Joe was right on all counts. The restaurant had seating for about 75. You order your meal at the front counter, find a seat, and when the food is ready the one and only server calls your name, you wave your arm in the air, and she brings your food.
And what food it was. I was trying to decide between pulled pork or ribs when I saw that the lunch special was a sampler platter – a large serving of pulled pork, a large serving of pulled chicken, two ribs, two sides, and a slice of Texas toast. My decision was made (and so was Chuck’s). From a list of sides that included creamy slaw, Steve’s slaw (?), green beans, fries, baked beans, chips, potato salad, and macaroni salad, I chose the creamy slaw and beans and Chuck (whose order is shown to the right) the potato salad and beans.
All three meats were excellent – just enough smoke flavor without reaching the harsh, almost bitter, stage. The ribs had a light coating of sauce and were virtually fat free and the meat fell from the bones. On the table was our choice of three sauces – North Caroline vinegar/hot pepper, a sweet tomato, and the house “signature” sauce. As many times as I’ve tried North Carolina sauces, I’ve never found one I liked. And, since I don’t like overly sweet barbecue, I stuck with the house sauce which had a good balance of sweet and tart. I keep raving over baked beans and, again, these were delicious. The sauce had a little more vinegar tang than we found 100 miles north but excellent anyway. I tasted Chuck’s potato salad, and it contained a good quantity of egg – a plus for Chuck and me. And my creamy slaw was delicious.
We agreed that – except for Natural Born Grillers – this was the best barbeque so far and warrants a 4.5 Addie rating. I still have two small containers of NBG’s spicy barbeque sauce in the freezer and we plan to stop at Broad Street Barbeque for some take-out pulled pork to eat at home with the sauce. Only really good barbeque deserves this sauce.
Today was a day for reading brochures, barbecuing chicken, and waiting for the repairman. We had a little time, so Kate took to the grill with the result being some of the juiciest, tastiest chicken imaginable.

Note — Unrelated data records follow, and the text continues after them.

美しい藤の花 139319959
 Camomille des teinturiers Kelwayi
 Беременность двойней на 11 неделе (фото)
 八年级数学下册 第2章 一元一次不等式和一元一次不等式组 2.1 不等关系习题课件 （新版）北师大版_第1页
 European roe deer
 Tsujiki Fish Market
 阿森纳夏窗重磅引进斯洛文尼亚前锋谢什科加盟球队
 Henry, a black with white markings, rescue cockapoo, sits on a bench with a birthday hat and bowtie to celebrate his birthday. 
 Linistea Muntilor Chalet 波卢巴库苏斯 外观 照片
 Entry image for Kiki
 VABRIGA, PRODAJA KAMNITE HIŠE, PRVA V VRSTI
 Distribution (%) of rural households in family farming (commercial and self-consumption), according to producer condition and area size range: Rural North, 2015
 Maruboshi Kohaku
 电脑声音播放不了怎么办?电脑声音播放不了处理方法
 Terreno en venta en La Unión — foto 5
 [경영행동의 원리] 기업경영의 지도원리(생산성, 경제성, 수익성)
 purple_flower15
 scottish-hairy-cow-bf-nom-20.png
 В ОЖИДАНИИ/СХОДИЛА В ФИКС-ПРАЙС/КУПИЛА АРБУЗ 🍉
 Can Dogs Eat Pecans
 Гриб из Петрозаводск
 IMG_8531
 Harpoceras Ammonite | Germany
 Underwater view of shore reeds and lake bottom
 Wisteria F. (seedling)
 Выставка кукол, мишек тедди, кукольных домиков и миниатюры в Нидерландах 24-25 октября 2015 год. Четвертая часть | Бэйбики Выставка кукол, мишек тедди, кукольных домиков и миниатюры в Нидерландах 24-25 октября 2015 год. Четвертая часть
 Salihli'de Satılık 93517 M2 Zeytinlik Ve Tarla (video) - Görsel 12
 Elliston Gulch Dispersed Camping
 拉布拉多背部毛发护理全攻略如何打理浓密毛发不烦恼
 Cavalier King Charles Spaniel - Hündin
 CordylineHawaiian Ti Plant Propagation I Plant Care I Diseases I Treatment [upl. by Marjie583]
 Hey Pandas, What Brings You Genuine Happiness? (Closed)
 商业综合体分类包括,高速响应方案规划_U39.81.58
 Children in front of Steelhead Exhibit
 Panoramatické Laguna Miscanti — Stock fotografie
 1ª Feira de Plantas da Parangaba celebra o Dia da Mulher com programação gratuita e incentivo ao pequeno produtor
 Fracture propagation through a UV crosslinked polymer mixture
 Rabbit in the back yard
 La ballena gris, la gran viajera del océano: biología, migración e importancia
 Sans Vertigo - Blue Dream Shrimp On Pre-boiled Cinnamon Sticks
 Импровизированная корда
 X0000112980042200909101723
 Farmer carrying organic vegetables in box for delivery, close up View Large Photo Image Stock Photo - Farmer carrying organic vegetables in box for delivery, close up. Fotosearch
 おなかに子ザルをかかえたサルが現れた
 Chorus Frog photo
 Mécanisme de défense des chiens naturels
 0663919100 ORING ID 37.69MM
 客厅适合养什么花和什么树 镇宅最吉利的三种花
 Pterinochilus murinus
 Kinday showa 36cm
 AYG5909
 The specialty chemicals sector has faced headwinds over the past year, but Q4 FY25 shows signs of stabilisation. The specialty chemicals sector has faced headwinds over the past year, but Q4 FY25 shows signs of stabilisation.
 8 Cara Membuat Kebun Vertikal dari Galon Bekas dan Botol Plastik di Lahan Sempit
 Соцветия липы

(We will forgo a full Addie report for this meal which included a helping of Kate's superb three bean salad and some flavorful rice pilaf. I was so eager to begin eating that I forgot to photograph the servings.)
Now about the repairman. I had a little encounter with an RV-eating tree. As we drove into our campsite at the last campground, I had to make a left turn down the row and a right turn into the second spot in the row. While I was focused on driving into the site, I neglected to see that I had not swung far enough to the right before making my left turn. So, the tree caught the metal strip covering the awning that, when extended, covered one of the slide outs. (When the slide out is extended it prevents debris from staying on the slide and possibly being pulled into the interior of the RV when the slide out is retracted.)
FORTUNATELY, there was no damage to the awning or slide out, so it just involved sliding the cover into the edge of the awning and the base on the side of the RV. Then came the repairman's request for help. This also meant that I had to climb onto the roof of the RV to hold one end of the 13' metal cover while the repairman slid the cover along the strips on the awning and the wall of the RV to secure the awning. I must have been quite a sight crawling on the roof (rather than walking on it) and very, very cautiously backing up to the ladder and slowly taking those first couple of steps down the ladder.
UNFORTUNATELY, no photographs of this adventure can be found. They were mysteriously lost. This matter is being investigated.